→ Work order
Write out every line below again exactly as it stands, skipping each image.

→ Data extract
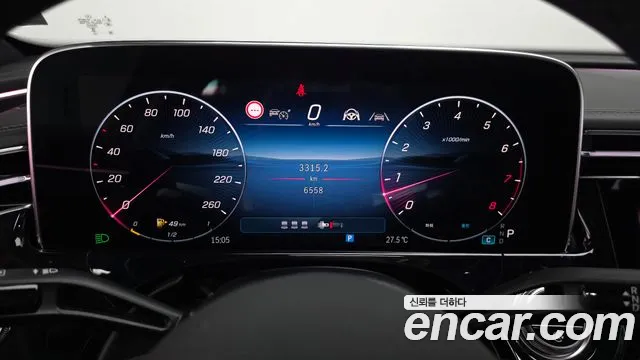 Mercedes-Benz E-Class W214 — Фото автомобиля 8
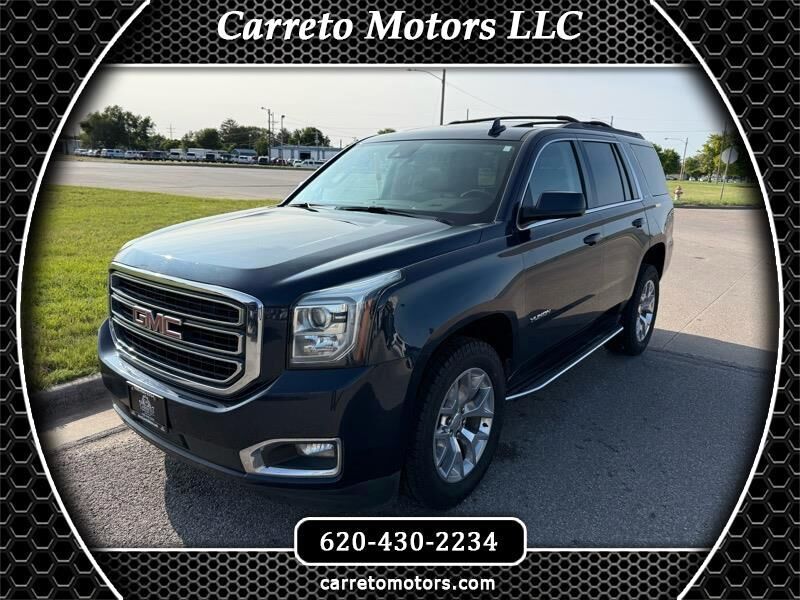 2018 GMC Yukon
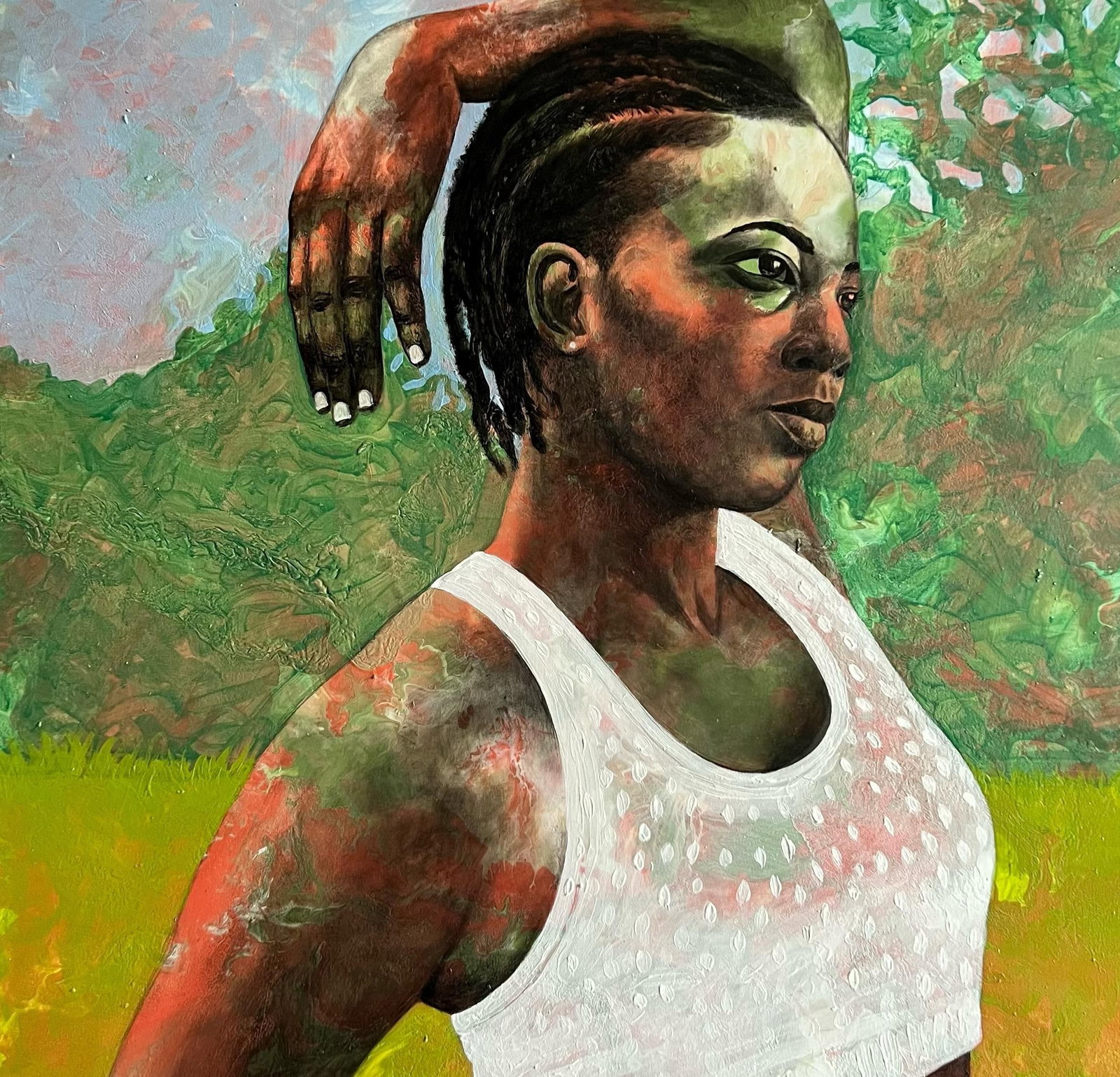 Maria Tendo, Athlete, 2023 - 3
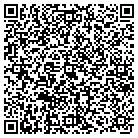QR code with K O Printing and Publishing contacts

→ Written solution
 Mercedes-Benz E-Class W214 — Фото автомобиля 8
 2018 GMC Yukon
 Maria Tendo, Athlete, 2023 - 3
QR code with K O Printing and Publishing contacts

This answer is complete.